Task description
Return the data verbatim, without pictures.

Image-caption web data
◇ ◇ ◇

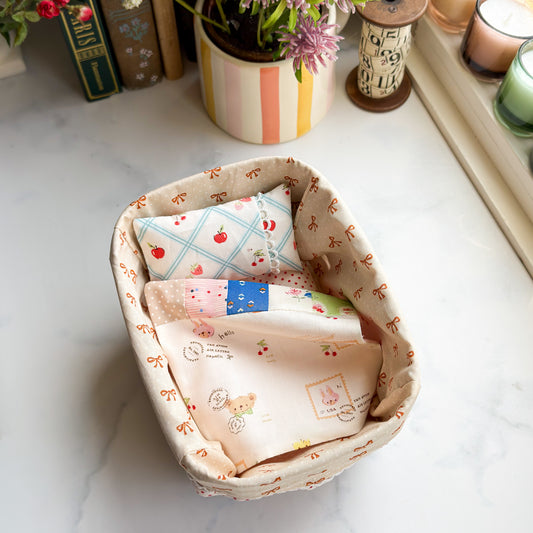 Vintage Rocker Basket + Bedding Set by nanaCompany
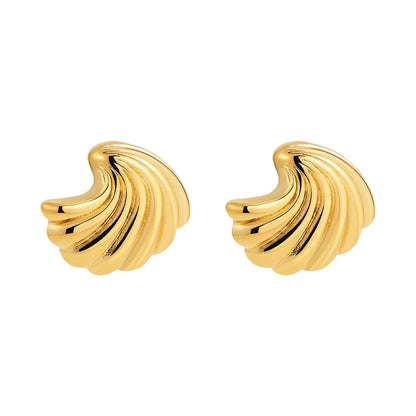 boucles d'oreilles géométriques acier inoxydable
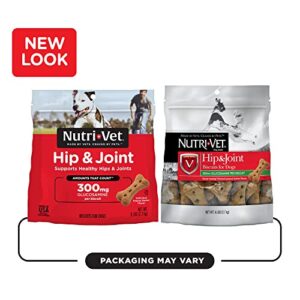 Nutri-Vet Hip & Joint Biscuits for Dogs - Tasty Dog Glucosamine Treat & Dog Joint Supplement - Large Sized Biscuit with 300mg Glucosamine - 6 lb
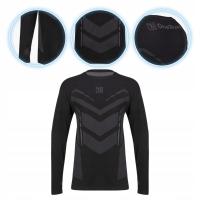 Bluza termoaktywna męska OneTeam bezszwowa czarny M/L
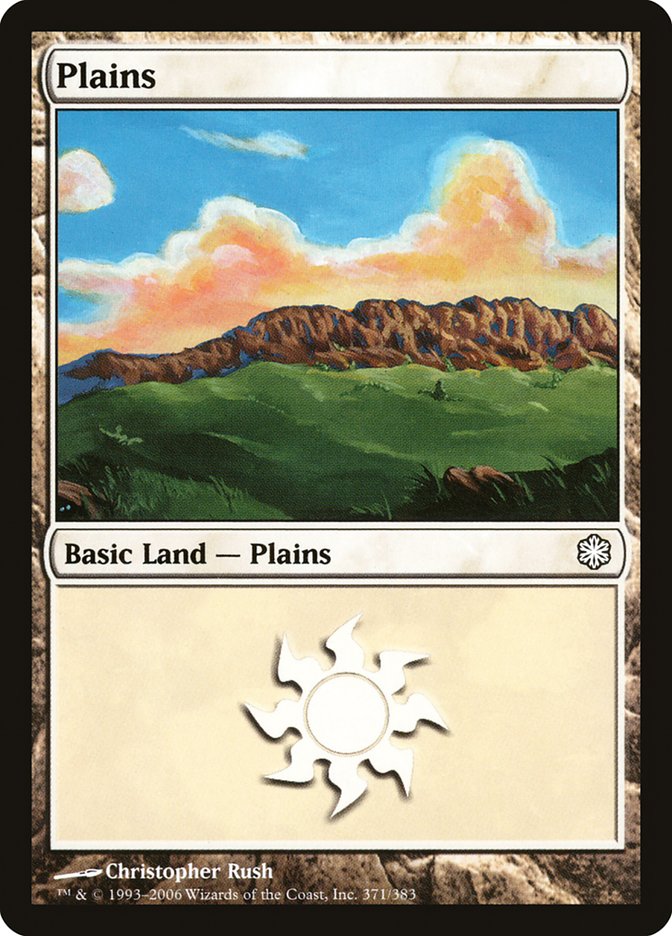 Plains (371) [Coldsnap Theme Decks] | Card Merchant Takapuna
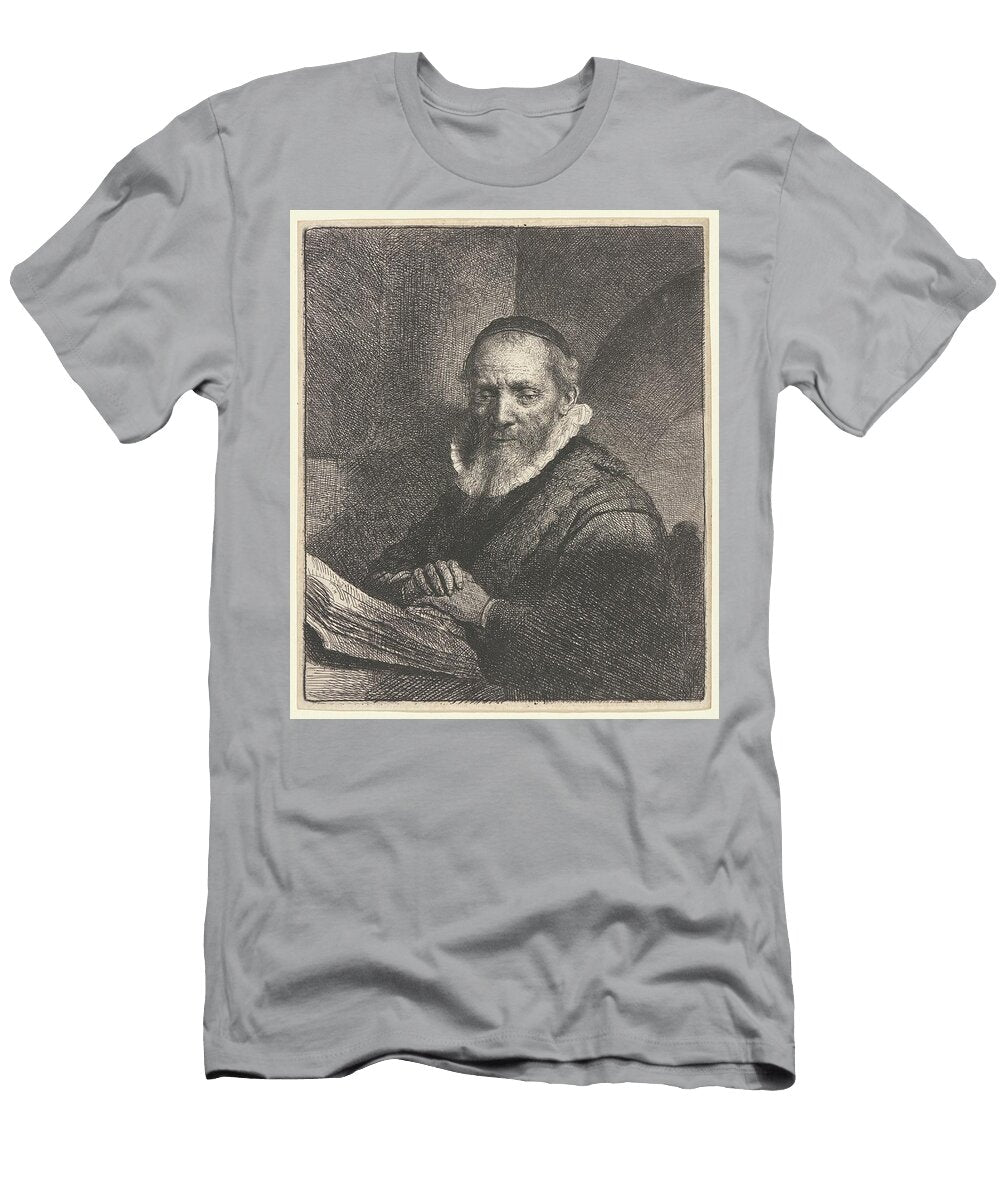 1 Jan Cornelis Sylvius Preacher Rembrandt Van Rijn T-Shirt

◇ ◇ ◇

Solved exercise
 Vintage Rocker Basket + Bedding Set by nanaCompany
 boucles d'oreilles géométriques acier inoxydable
 Nutri-Vet Hip & Joint Biscuits for Dogs - Tasty Dog Glucosamine Treat & Dog Joint Supplement - Large Sized Biscuit with 300mg Glucosamine - 6 lb
 Bluza termoaktywna męska OneTeam bezszwowa czarny M/L
 Plains (371) [Coldsnap Theme Decks] | Card Merchant Takapuna
 1 Jan Cornelis Sylvius Preacher Rembrandt Van Rijn T-Shirt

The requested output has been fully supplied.